U.S. News ranks best high schools

U.S. News has come out with its 2013 Best High Schools Rankings. Nearly all the top-ranked schools are specialty schools, magnets or charter schools. Arizona’s BASIS, an ultra-rigorous charter network, has two schools in the top five. Twenty-eight of the top-ranked 100 high schools are charter schools.

The survey looks at the performance of students overall and disadvantaged students compared to similar students in the state; if schools post above-average results, the survey analyzes Advanced Placement or International Baccalaureate test results.

About Joanne


  1. Mark Roulo says:

    “Best” *public* high schools. Private schools were not considered.

  2. Ann in L.A. says:

    The main criteria is a bit strange. It looks at what students are entering–disadvantaged, race, socioeconomic–then looks at those kids leaving, and asks how great the improvement. If you are a suburban district with mostly white kids, and are an excellent school, it is hard to get rated highly on this–you start at too high a level to show enough value-added. It is more a look at the best schools for disadvantaged kids–a good thing to look at, but not the same as the best schools overall.

    • Mark Roulo says:

      “It is more a look at the best schools for disadvantaged kids…”
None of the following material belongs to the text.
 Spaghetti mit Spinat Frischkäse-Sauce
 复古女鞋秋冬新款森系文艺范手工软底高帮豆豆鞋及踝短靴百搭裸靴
      It isn’t quite that. Thomas Jefferson High School for Science and Technology ranks 4th. I don’t think TJ has a lot of disadvantaged kids. The Bronx High School of Science, Staten Island Technical High School, Stuyvesant High School, Queens High School for the Sciences at York College and Brooklyn Technical High School are all in the top 100. These are “specialized high schools” from New York City where admission is mostly examination based. My guess is that they are not overfull with disadvantaged kids.


      Boston Latin School also makes the top 100.


      The methodology makes it clear that examination based entrance requirements help a lot more than lots of disadvantaged kids. The way USNWR made the list was:


         *) How do the students do against average kids from the state in question. They took into account the percentage of poor kids, but lots of high scoring kids still make for a good school.
         *) Then, how do the economically poor students and students with brown skin at that school do? Note that a few of these kids who do very well helps … so a test only admissions policy is a winner again.
         *) Finally, how did the students do with respect to AP and IB (both taking AP tests, for example, and scoring well on them)?


      Pretty clearly, for this methodology, the dominant factor in making up a “good” school is the students that the school admits in the first place.

      • cranberry says:

        USNWR should create a category for exam schools. I’m glad exam schools exist. On the other hand, their results depend on the student body they selected.

        While they’re at it, separate categories for magnet, charter and specialty schools would be a good idea too.

  3. The same issue exists with NCLB. I read that my older kids’ old HS was on the in-danger-of-sanctions list, because it wasn’t making enough AYP (annual yearly progress); sheer idiocy. It’s not easy to “progress” when you start at the 95th percentile or better. That school shouldn’t be on any such list; the ed world has much bigger problems and should adjust its focus accordingly.